[Exercise prompt] Please reproduce the line containing "a white bed" and every line after it in the records below, exactly and with nothing else.

Data supplied section start

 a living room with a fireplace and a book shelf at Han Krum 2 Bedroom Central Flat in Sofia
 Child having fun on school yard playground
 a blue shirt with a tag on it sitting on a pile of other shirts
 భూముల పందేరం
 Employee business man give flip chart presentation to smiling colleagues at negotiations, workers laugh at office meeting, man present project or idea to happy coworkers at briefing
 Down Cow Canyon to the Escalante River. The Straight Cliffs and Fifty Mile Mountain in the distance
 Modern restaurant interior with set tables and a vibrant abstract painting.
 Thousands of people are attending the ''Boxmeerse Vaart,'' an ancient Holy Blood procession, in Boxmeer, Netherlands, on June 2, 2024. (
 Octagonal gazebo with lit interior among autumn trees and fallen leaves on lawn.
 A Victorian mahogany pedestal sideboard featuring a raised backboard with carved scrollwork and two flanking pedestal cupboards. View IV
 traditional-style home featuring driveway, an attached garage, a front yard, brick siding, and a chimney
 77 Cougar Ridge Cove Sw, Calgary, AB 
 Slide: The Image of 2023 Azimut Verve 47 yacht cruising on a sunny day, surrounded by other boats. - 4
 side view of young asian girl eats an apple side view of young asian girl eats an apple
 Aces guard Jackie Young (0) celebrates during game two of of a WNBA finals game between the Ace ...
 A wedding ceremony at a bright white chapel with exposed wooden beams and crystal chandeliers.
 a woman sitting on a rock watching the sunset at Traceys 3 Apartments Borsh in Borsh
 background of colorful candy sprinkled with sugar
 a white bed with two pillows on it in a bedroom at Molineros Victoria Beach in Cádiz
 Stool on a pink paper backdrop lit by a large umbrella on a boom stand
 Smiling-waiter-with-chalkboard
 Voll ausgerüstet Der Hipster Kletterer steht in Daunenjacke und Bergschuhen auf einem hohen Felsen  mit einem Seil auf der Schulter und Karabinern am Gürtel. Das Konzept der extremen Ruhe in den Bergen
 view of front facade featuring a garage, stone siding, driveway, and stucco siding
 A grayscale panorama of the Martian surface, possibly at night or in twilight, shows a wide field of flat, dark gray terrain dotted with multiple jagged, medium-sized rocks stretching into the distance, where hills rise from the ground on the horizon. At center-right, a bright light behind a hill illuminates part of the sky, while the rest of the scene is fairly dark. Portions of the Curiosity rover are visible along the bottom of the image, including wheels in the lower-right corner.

Data supplied section end

[Solution]
 a white bed with two pillows on it in a bedroom at Molineros Victoria Beach in Cádiz
 Stool on a pink paper backdrop lit by a large umbrella on a boom stand
 Smiling-waiter-with-chalkboard
 Voll ausgerüstet Der Hipster Kletterer steht in Daunenjacke und Bergschuhen auf einem hohen Felsen  mit einem Seil auf der Schulter und Karabinern am Gürtel. Das Konzept der extremen Ruhe in den Bergen
 view of front facade featuring a garage, stone siding, driveway, and stucco siding
 A grayscale panorama of the Martian surface, possibly at night or in twilight, shows a wide field of flat, dark gray terrain dotted with multiple jagged, medium-sized rocks stretching into the distance, where hills rise from the ground on the horizon. At center-right, a bright light behind a hill illuminates part of the sky, while the rest of the scene is fairly dark. Portions of the Curiosity rover are visible along the bottom of the image, including wheels in the lower-right corner.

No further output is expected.